Segment Start: Information supplied

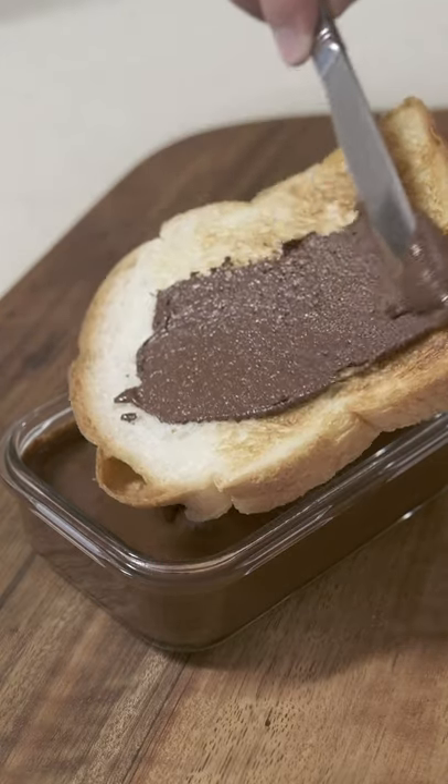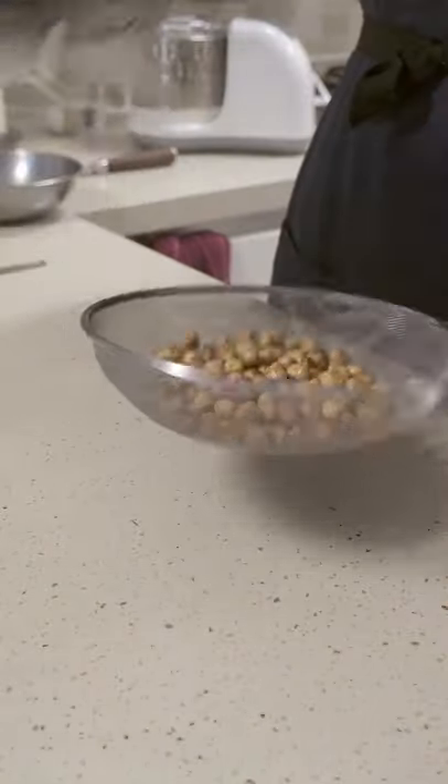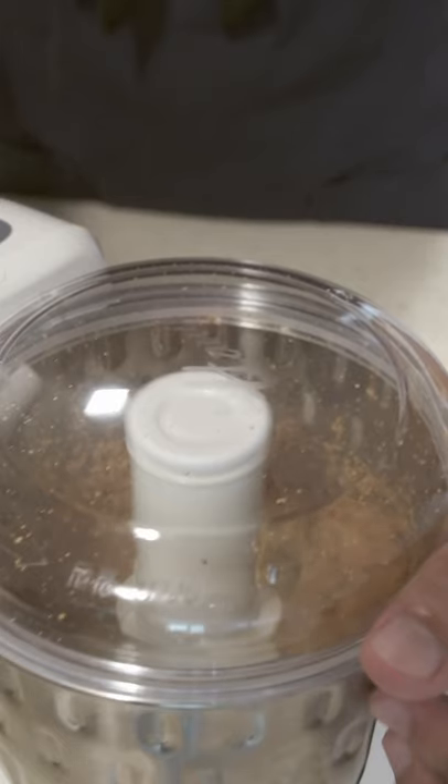This is the second version of my chocolate hazelnut spread. I'll throw up the ingredients here on the screen. I'm still toasting the hazelnuts at 180 degrees Celsius for 15 minutes, then letting them cool off a little bit before blending into as smooth a paste as possible.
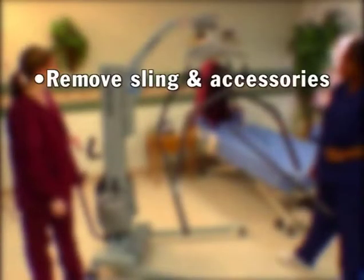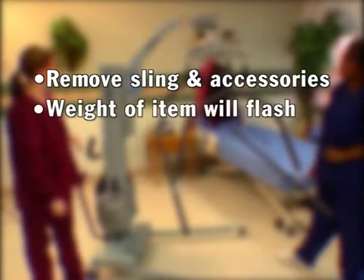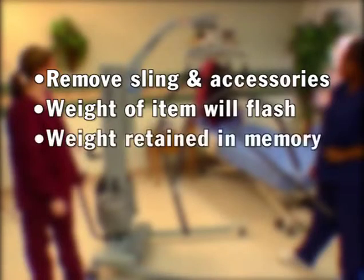Remove the sling and accessories from the hanger bar and view the scale readout. The weight of the items will flash and will be subtracted once the resident is weighed. This weight reading will be retained in memory, even if the scale shuts down on its own.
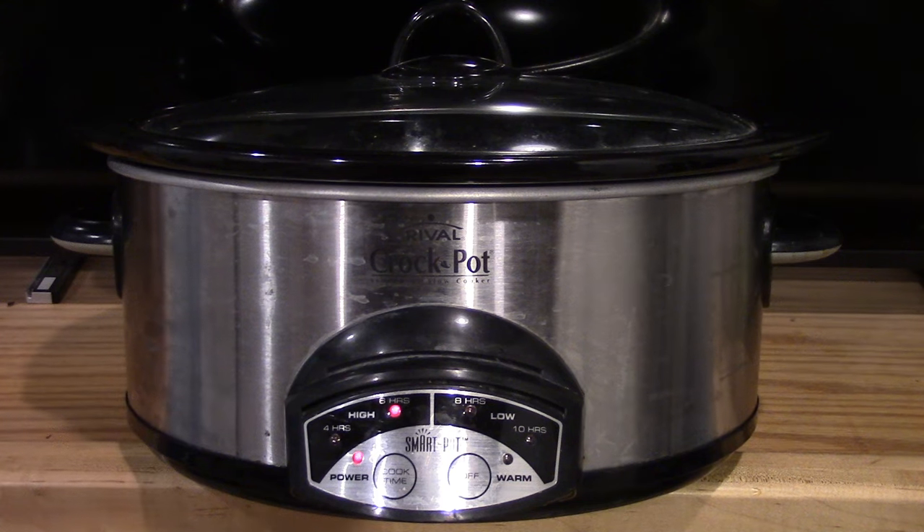That did it. Yes, fixed! Hey, don't throw away your crock pot. Sweet. I hope that helps you guys.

Segment End: Information supplied

*Exercise:*
Omit the pictures. Transcribe word for word the lines from the one containing "Remove the sling" through the end of the listing, inclusive.

*Reply to the exercise:*
Remove the sling and accessories from the hanger bar and view the scale readout. The weight of the items will flash and will be subtracted once the resident is weighed. This weight reading will be retained in memory, even if the scale shuts down on its own.
That did it. Yes, fixed! Hey, don't throw away your crock pot. Sweet. I hope that helps you guys.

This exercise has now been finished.